# tomcat 6 webserver oder was ist sein Sinn?



## VolleLotte (16. Aug 2007)

Hallo,

ich würde gerne eine art maßgeschneidertes Mini basecamp Anwendung (beispiel: http://www.basecamphq.com/ ) programmieren. Das fängt schon damit an, dass ich einen secure http login benötige (evtl. acegi security).

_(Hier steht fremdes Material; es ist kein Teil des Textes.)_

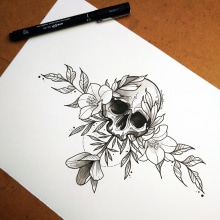 Skull and flowers original underboob tattoo design with its complete creative process. Un projet de Illustration traditionnelle , et Conception de tatouage de Mentiradeloro Esther Cuesta - 10.11.2020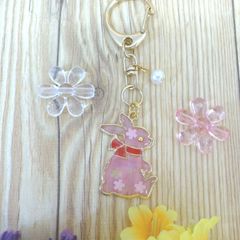 UVレジン/ハンドメイド/うさぎのバッグチャーム/キーホルダー/いちご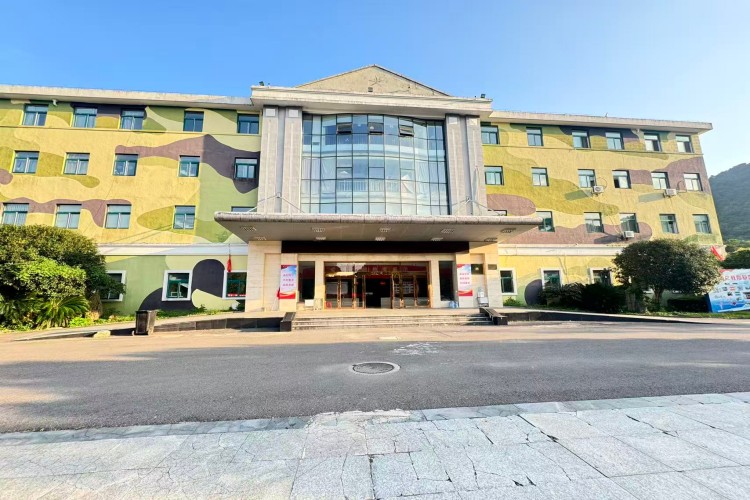 宁波青仑特训营地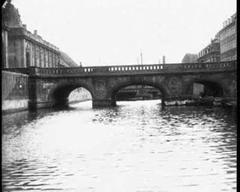 Screenshot from the Danish silent film En Tur gennem Københavns Kanaler from 1908 featuring Frederiksholms Kanal with Marmorbroen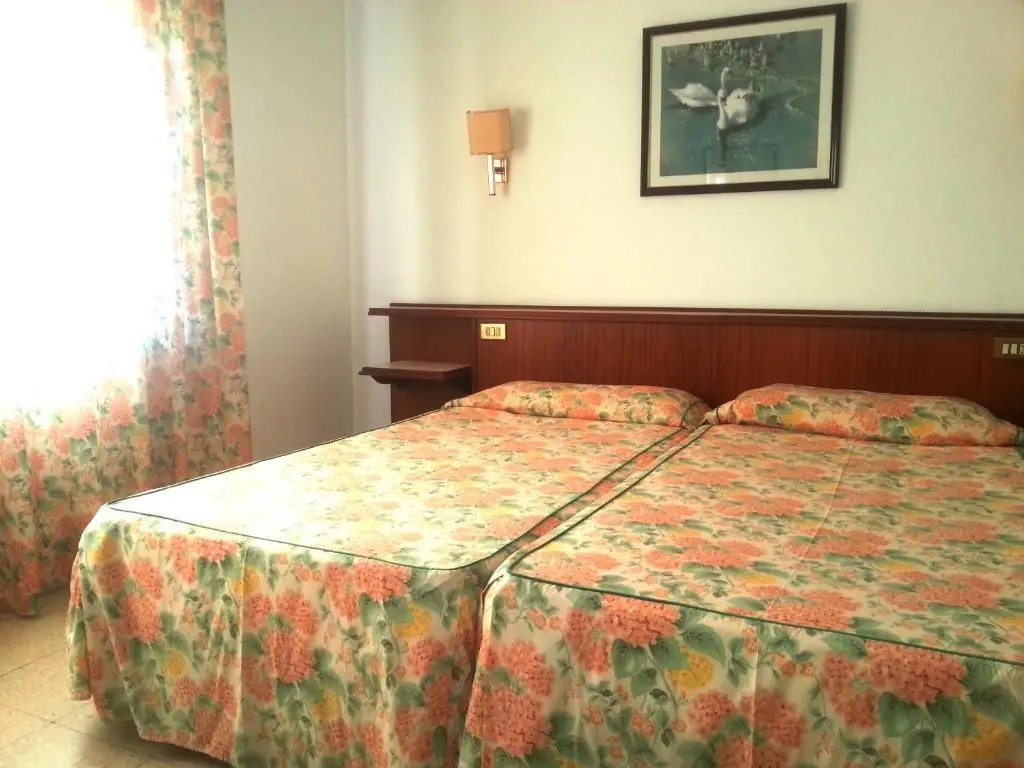 Hotel Hostal del Sol - Chambres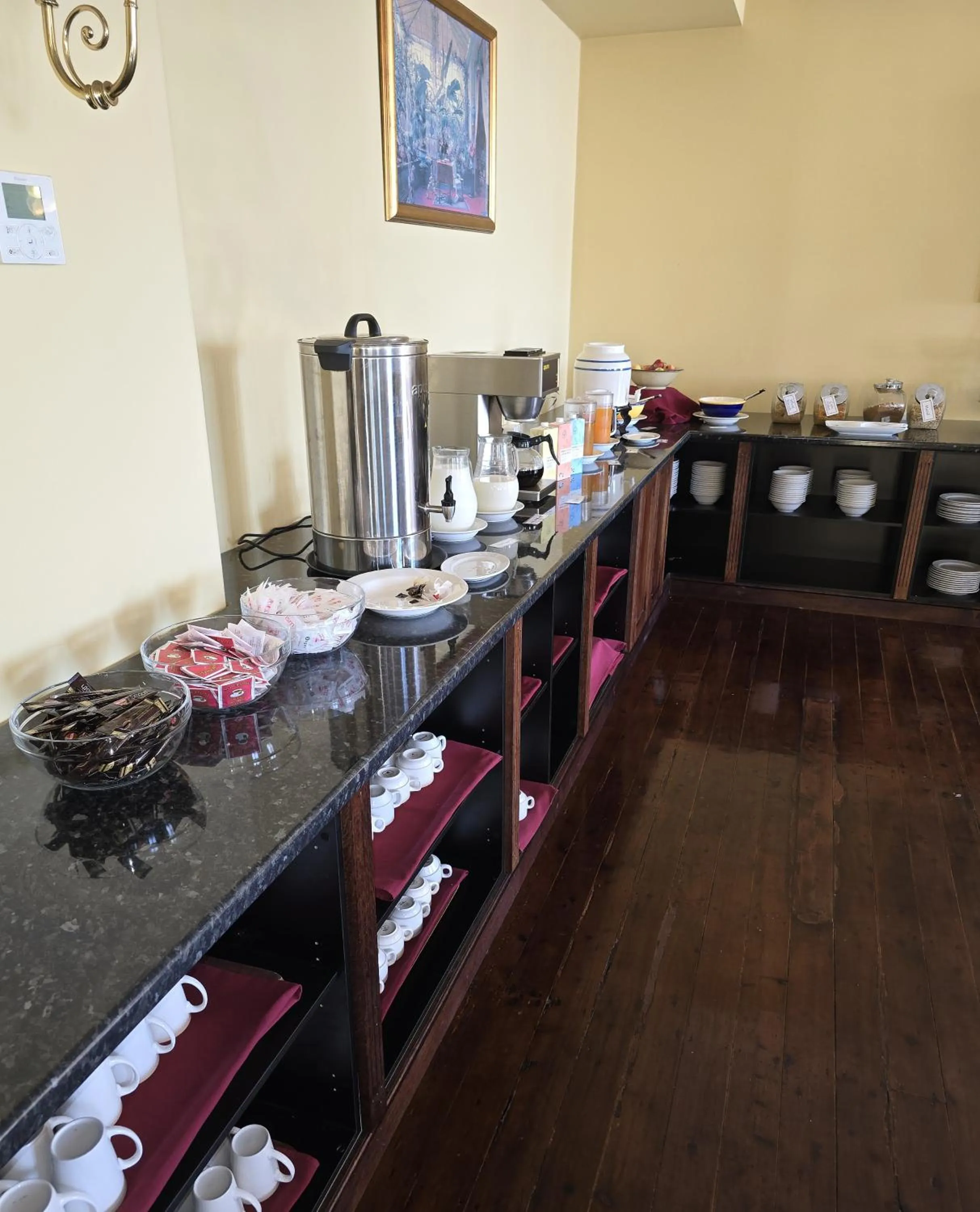 Breakfast in Palais Royale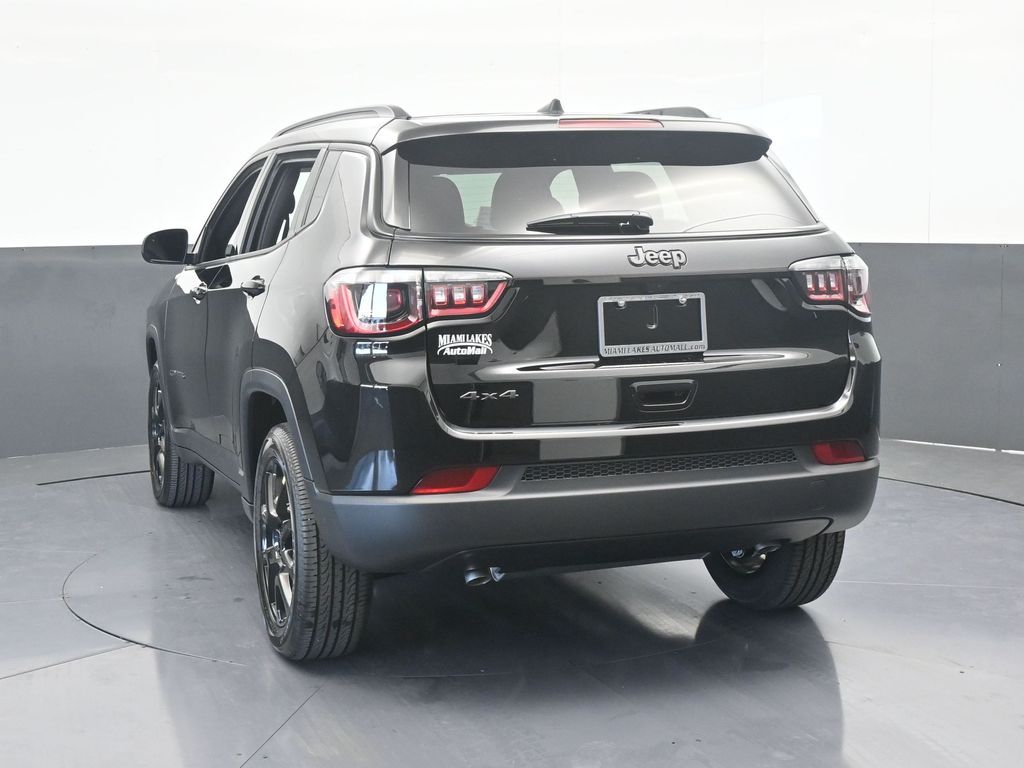 New 2026 Diamond Black Crystal Pearlcoat Jeep Latitude image 7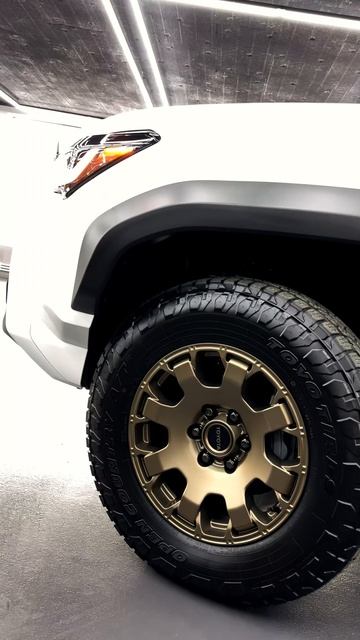 Toyota 4Runner Trailhunter — японская надёжность, гибридная тяга и готовность к любым маршрутам смотреть онлайн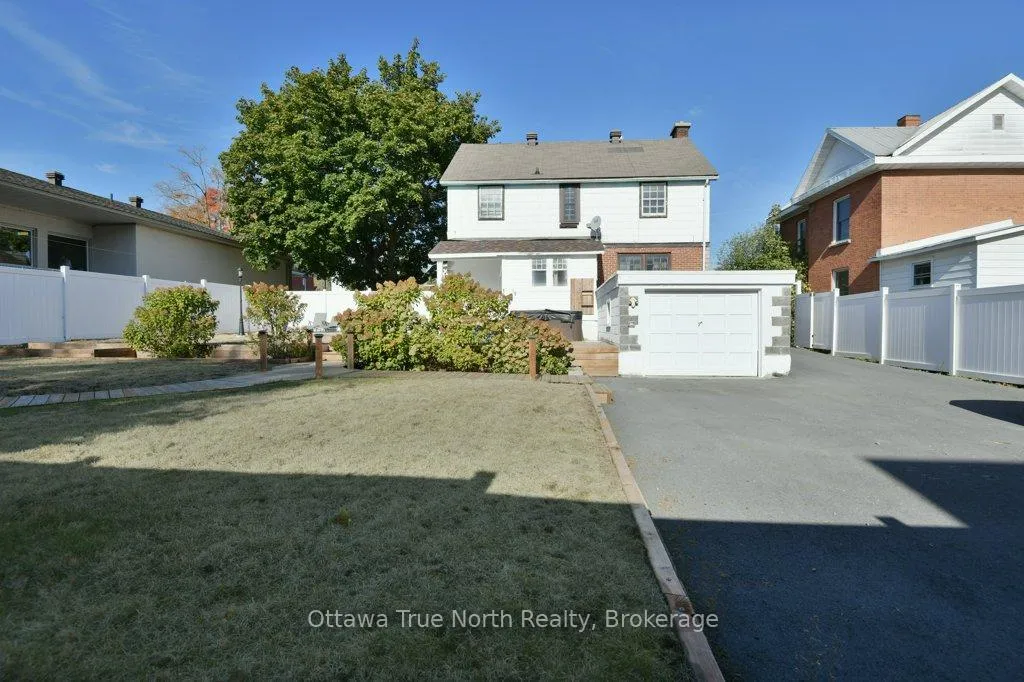 Photo 234 of 61 Daniel Street N, Arnprior — HOMEH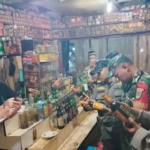 Polisi Razia Miras Berkedok Warung Jamu di Kemang Bogor, 60 Botol Berhasil Disita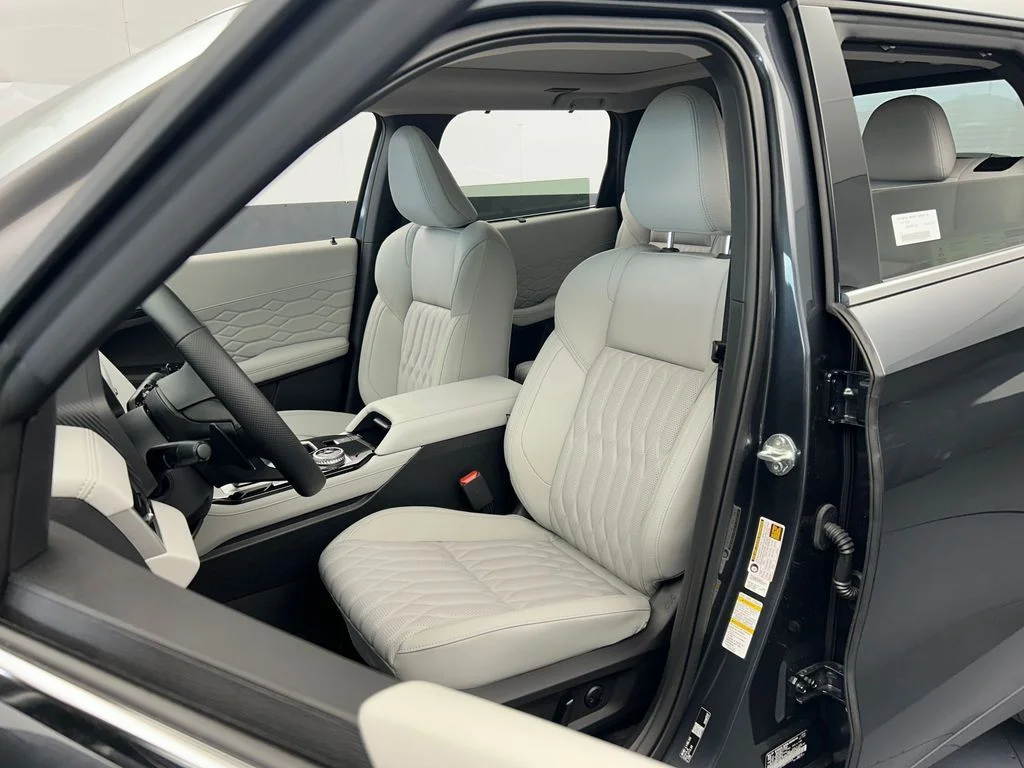 New 2026 Gray Mitsubishi SEL image 10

Sollte ich dafür einen tomcat webserver installieren? Wenn ja, welche Anforderungen muss mein webhoster denn haben?


----------



## byte (17. Aug 2007)

Tomcat ist kein Webserver sondern ein Servlet-Container. Du brauchst einen Server mit Root-Rechten, so dass Du Tomcat und Java installieren kannst. Oder halt einen Server, wo dieses vorkonfiguriert ist.


----------



## PELLE (17. Aug 2007)

byto hat gesagt.:
			
		

> Tomcat ist kein Webserver sondern ein Servlet-Container. Du brauchst einen Server mit Root-Rechten, so dass Du Tomcat und Java installieren kannst. Oder halt einen Server, wo dieses vorkonfiguriert ist.



Ich hätte da auch mal eine Frage...

Ich habe mir einen webspace bei bluehost.com gemietet mit shell access würde das gehen, wenn ich java servlets laufen lassen möchte?


----------



## freez (17. Aug 2007)

naja, shell access ist eines. Hast du da auch root Rechte? Wenn ja, dann kannst du java und tomcat installieren. Wenn nein, kommt es auf deine Rechte drauf an.


----------